+++ Materials provided

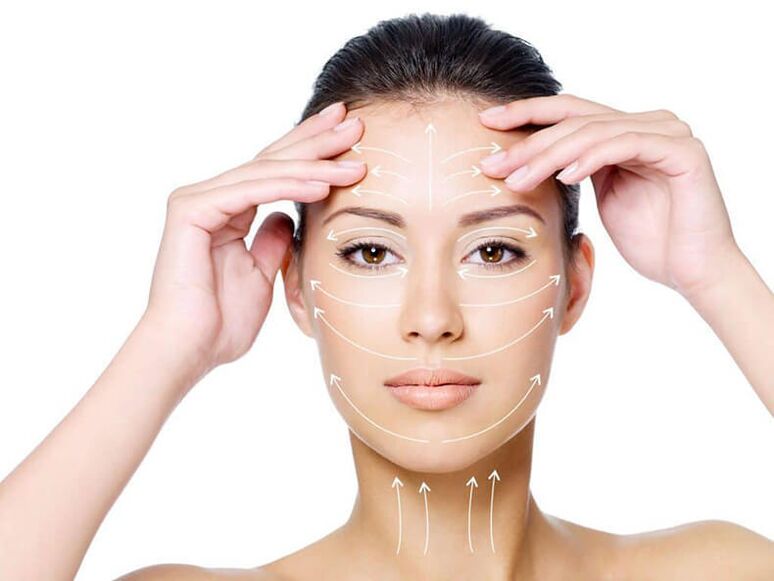 How to apply the product on the skin of the face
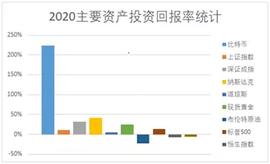 比特币成全球第20大货币，未来走势两个猜想_比特币:BTC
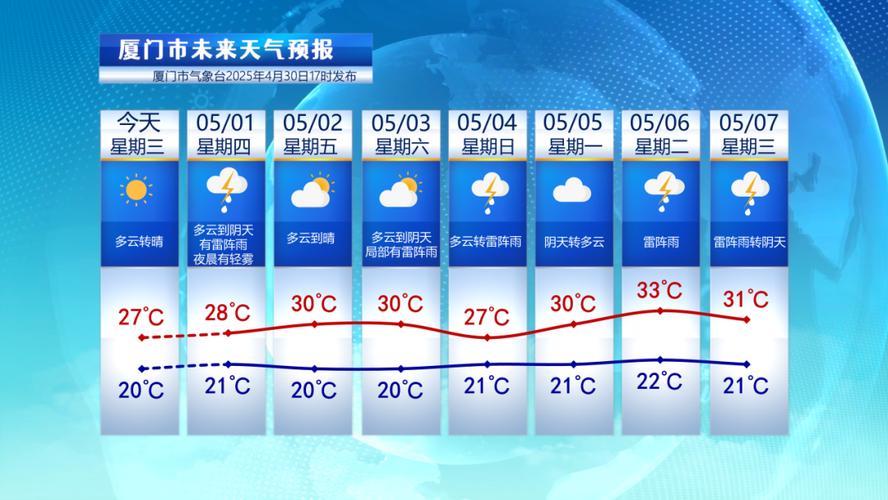 新澳2025正版免費資料和气象台暴雨蓝色预警与安徽气象台暴雨蓝色预警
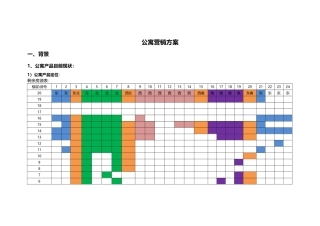 公寓营销政策-买房送装修活动方案8.29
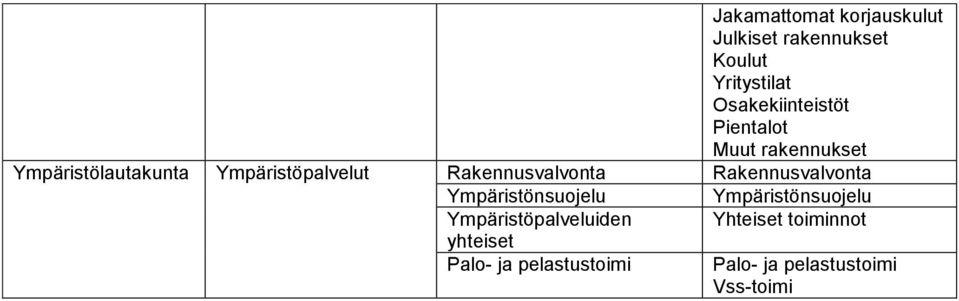 Rakennusvalvonta Rakennusvalvonta Ympäristönsuojelu Ympäristönsuojelu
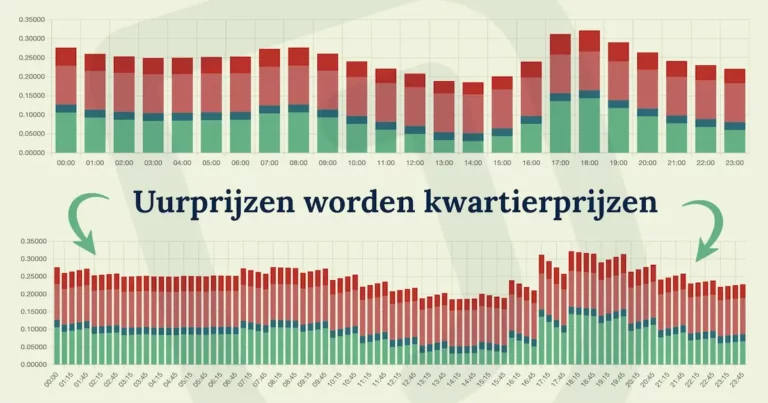 dynamische uurprijzen naar kwartierprijzen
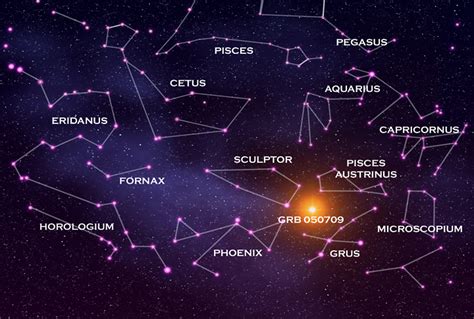 Constellation | Definition , Types, Map & Famous Constellations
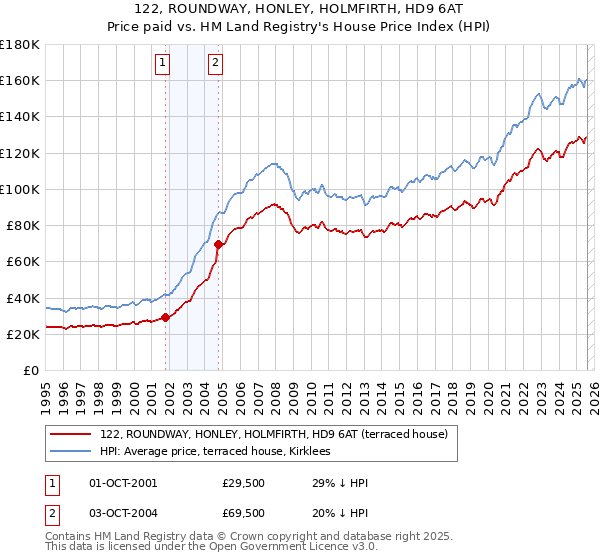 122, ROUNDWAY, HONLEY, HOLMFIRTH, HD9 6AT: Price paid vs HM Land Registry's House Price Index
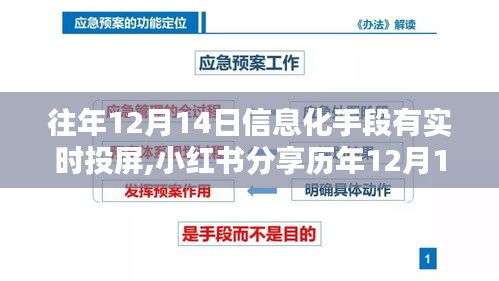 历年信息化手段实时投屏，小红书分享体验与应用历程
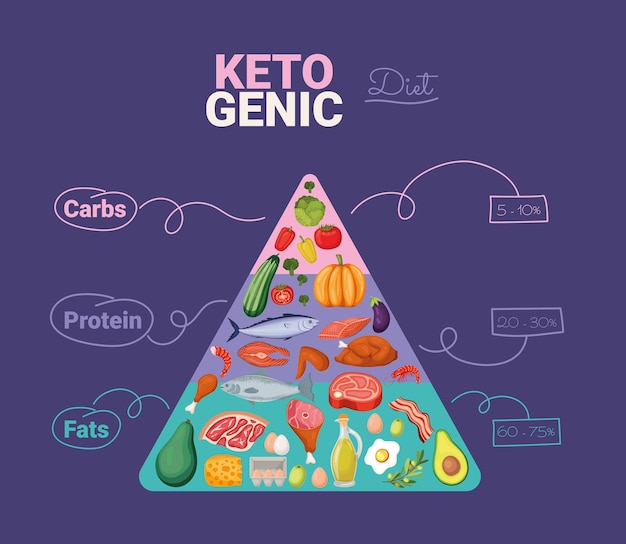 Pyramide Alimentaire Cétogène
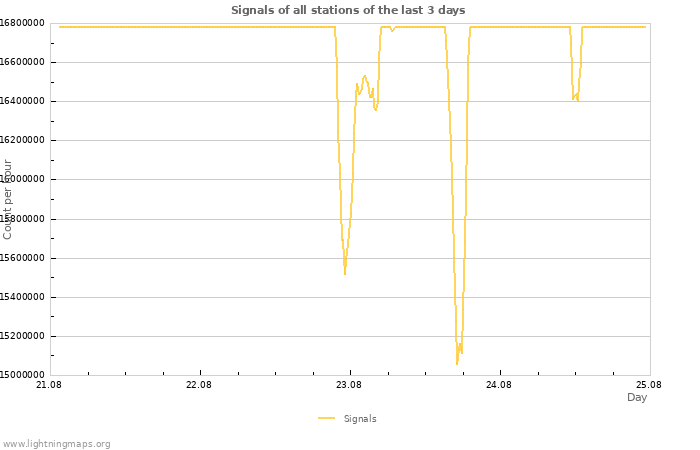 Graphs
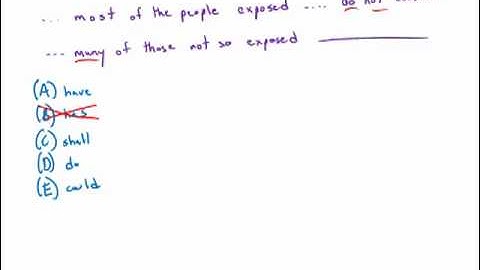 GMAT Official Guide 13: Sentence Correction 27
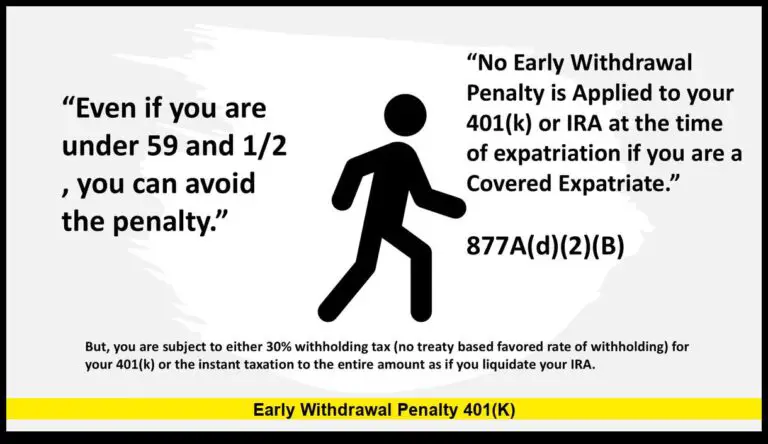 Early Withdrawal Penalty 401(k): Key Updates You Need to Know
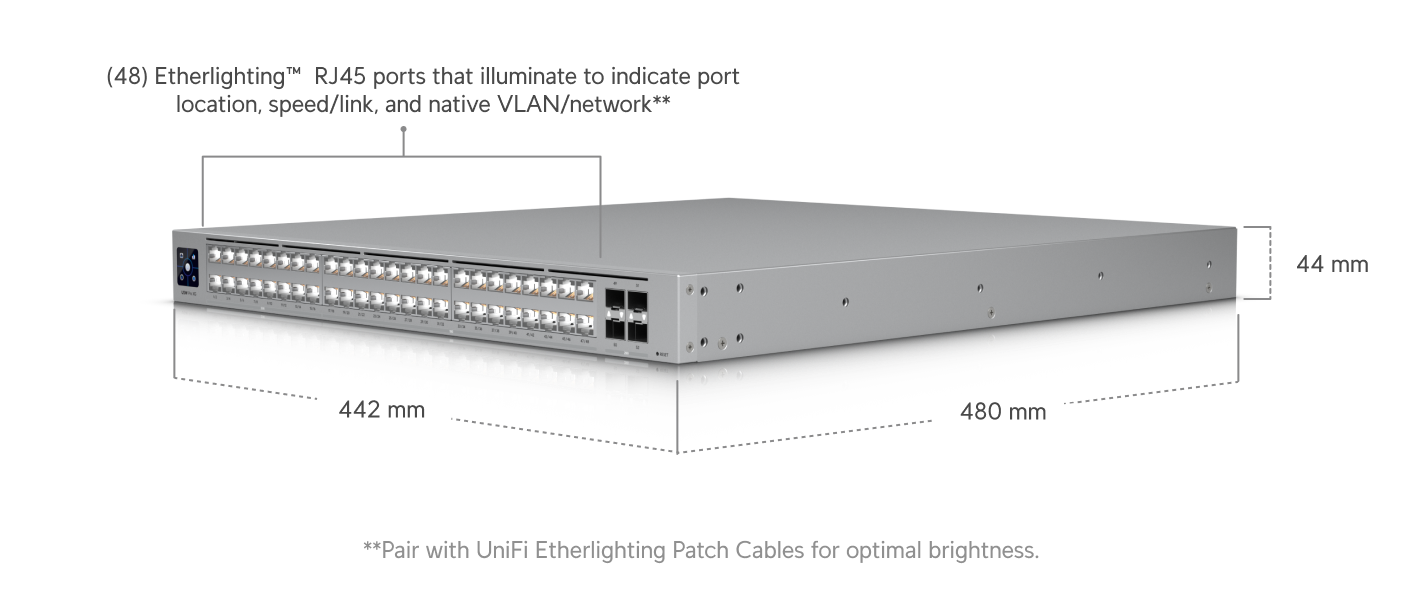 Ubiquiti | Ubiquiti Pro XG 48, Professional-grade, 48-port Layer 3 Etherlighting Switch, (32) 10 GbE, (16) 2.5 GbE, (4) 25G SFP28 Ports, DC Power Backup Ready | USW-Pro-XG-48 - Image 2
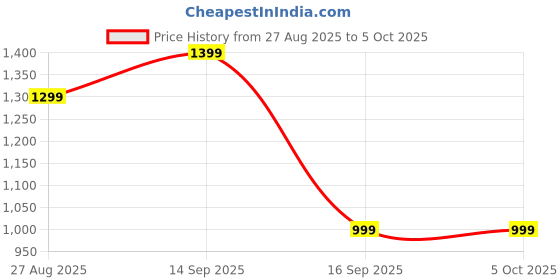 amazon.in Ant Esports Scorpion MK30 Wired Mechanical Gaming Keyboard, RGB 104 Keys Ultra-Slim LED Backlit USB Wired Keyboard with Red Switch, Durable Abs Keycaps/Anti-Ghosting Keyboard for PC Mac Xbox Gamer Price History Graph from 27 Aug 2025 to 5 Oct 2025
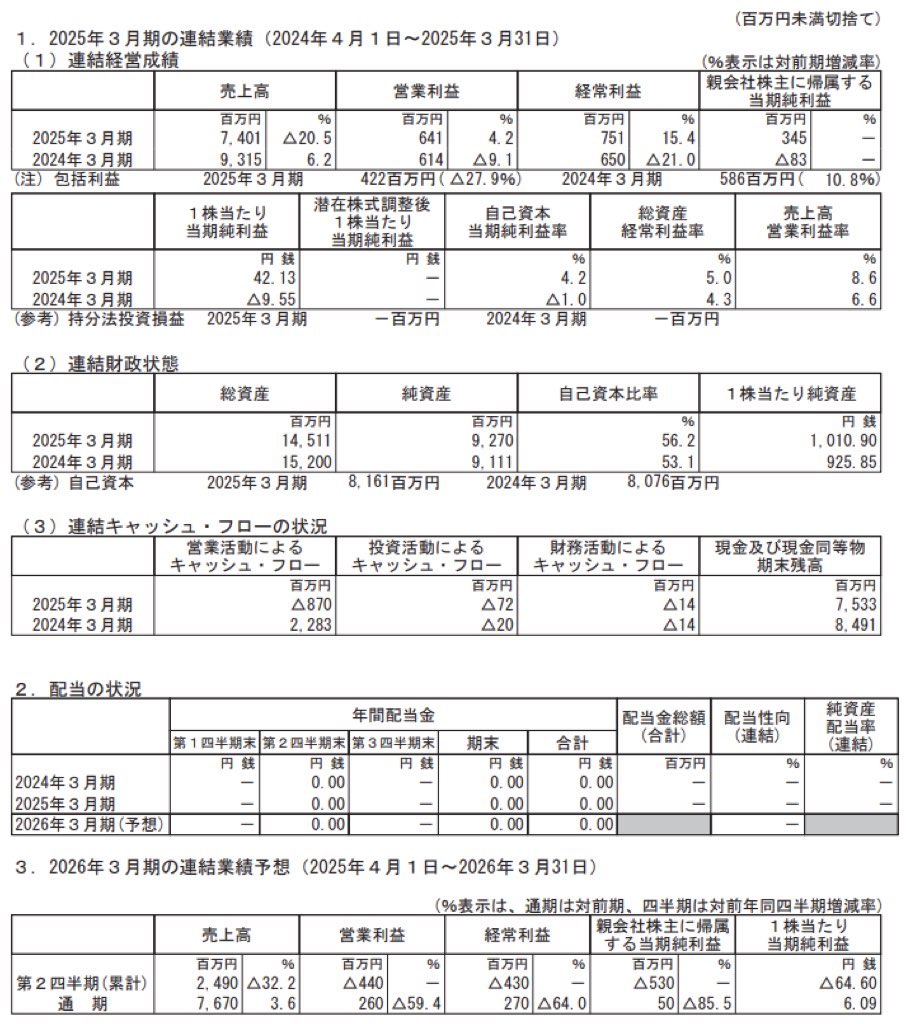 東京機械製作所_決算短信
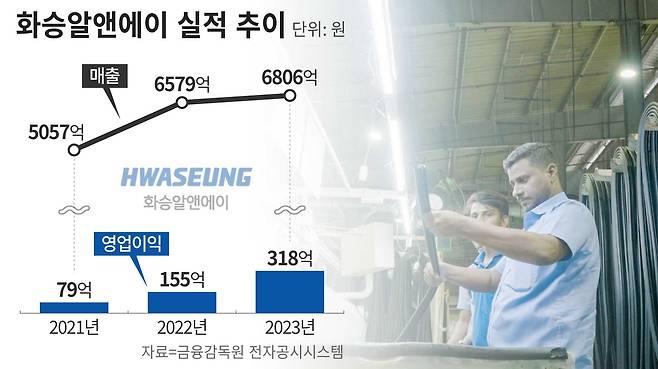 2021년 실적은 3~12월 기준. 그래픽=정서희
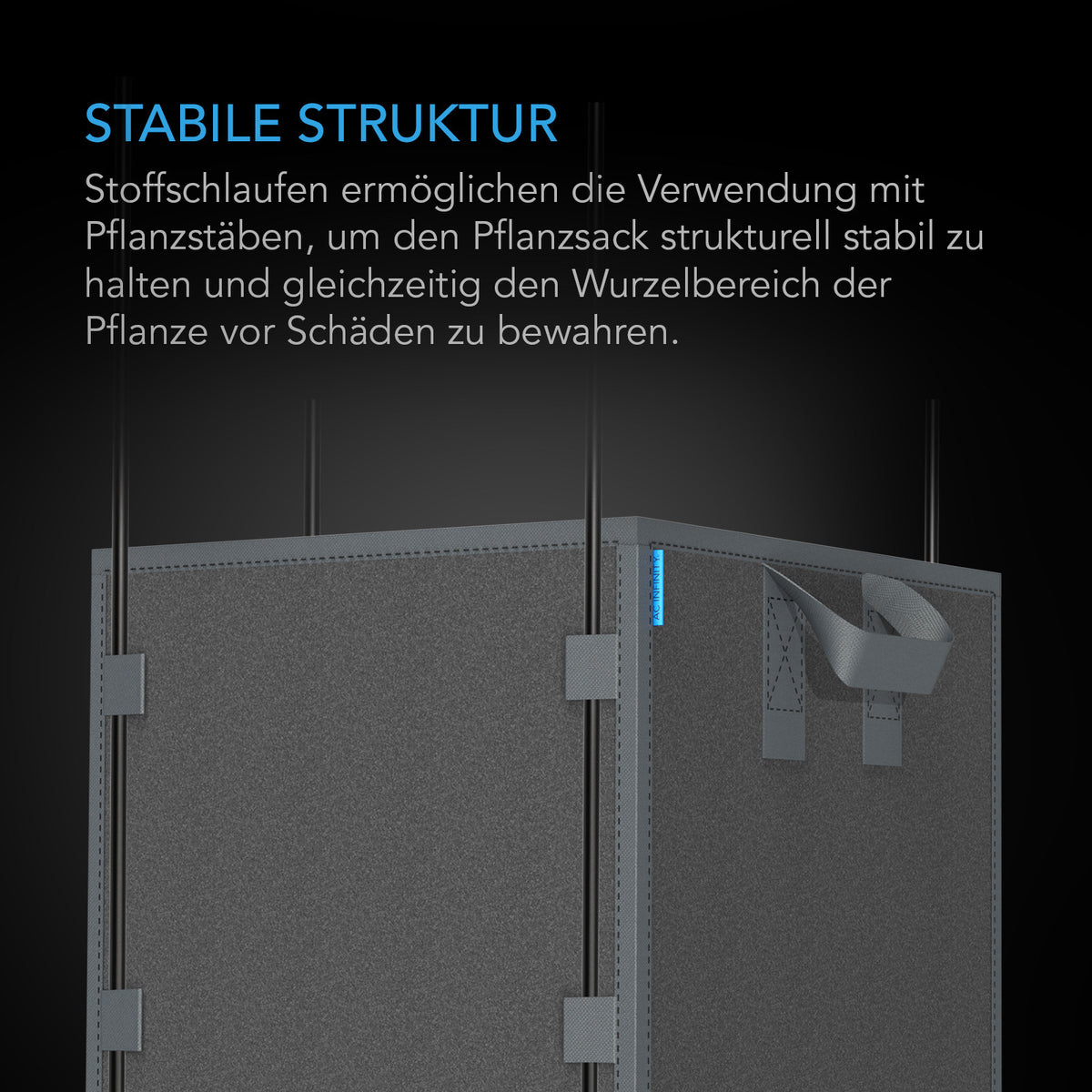 AC Infinity Stofftöpfe quadratisch – Infografik Stabile Struktur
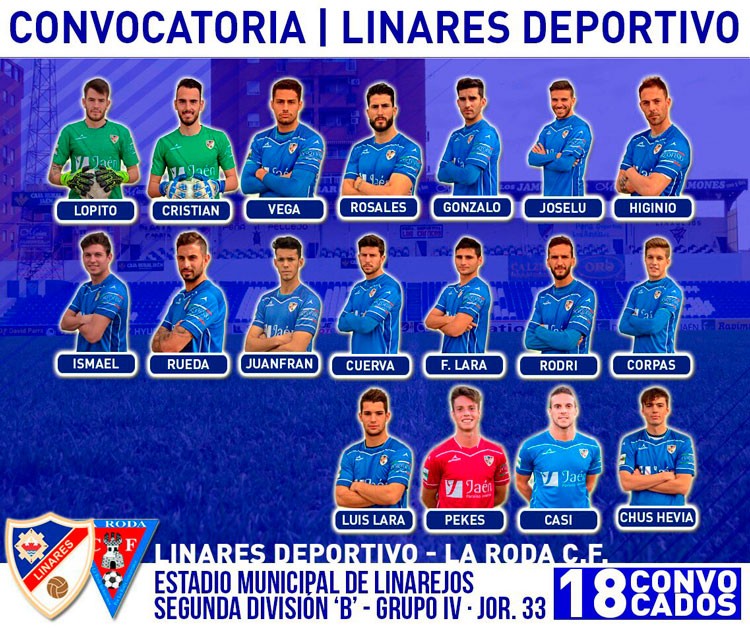 Convocatoria del Linares Deportivo para el encuentro ante La Roda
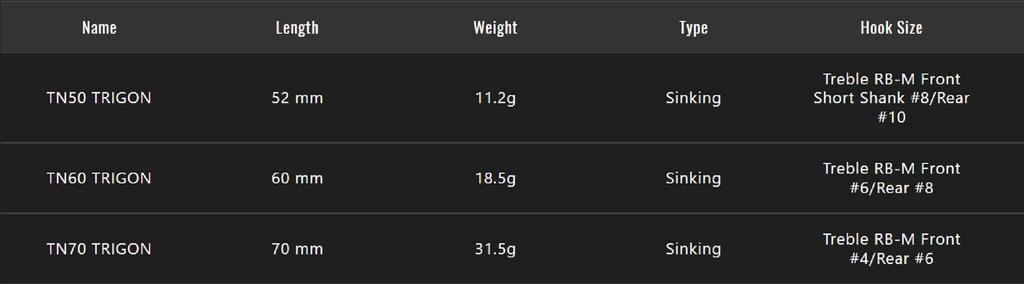 Jackall TN 70 Trigon Vibration Lure Spark Punch Gill (4567)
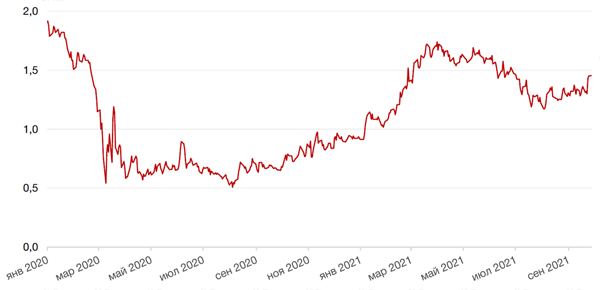 Динамика доходности 10-летних UST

++++++

**What the exercise asks:** Drop the pictures; repeat the listing above exactly.

**Exercise solution:**
 How to apply the product on the skin of the face
 比特币成全球第20大货币，未来走势两个猜想_比特币:BTC
 新澳2025正版免費資料和气象台暴雨蓝色预警与安徽气象台暴雨蓝色预警
 公寓营销政策-买房送装修活动方案8.29
 Rakennusvalvonta Rakennusvalvonta Ympäristönsuojelu Ympäristönsuojelu
 dynamische uurprijzen naar kwartierprijzen
 Constellation | Definition , Types, Map & Famous Constellations
 122, ROUNDWAY, HONLEY, HOLMFIRTH, HD9 6AT: Price paid vs HM Land Registry's House Price Index
 历年信息化手段实时投屏，小红书分享体验与应用历程
 Pyramide Alimentaire Cétogène
 Graphs
 GMAT Official Guide 13: Sentence Correction 27
 Early Withdrawal Penalty 401(k): Key Updates You Need to Know
 Ubiquiti | Ubiquiti Pro XG 48, Professional-grade, 48-port Layer 3 Etherlighting Switch, (32) 10 GbE, (16) 2.5 GbE, (4) 25G SFP28 Ports, DC Power Backup Ready | USW-Pro-XG-48 - Image 2
 amazon.in Ant Esports Scorpion MK30 Wired Mechanical Gaming Keyboard, RGB 104 Keys Ultra-Slim LED Backlit USB Wired Keyboard with Red Switch, Durable Abs Keycaps/Anti-Ghosting Keyboard for PC Mac Xbox Gamer Price History Graph from 27 Aug 2025 to 5 Oct 2025
 東京機械製作所_決算短信
 2021년 실적은 3~12월 기준. 그래픽=정서희
 AC Infinity Stofftöpfe quadratisch – Infografik Stabile Struktur
 Convocatoria del Linares Deportivo para el encuentro ante La Roda
 Jackall TN 70 Trigon Vibration Lure Spark Punch Gill (4567)
 Динамика доходности 10-летних UST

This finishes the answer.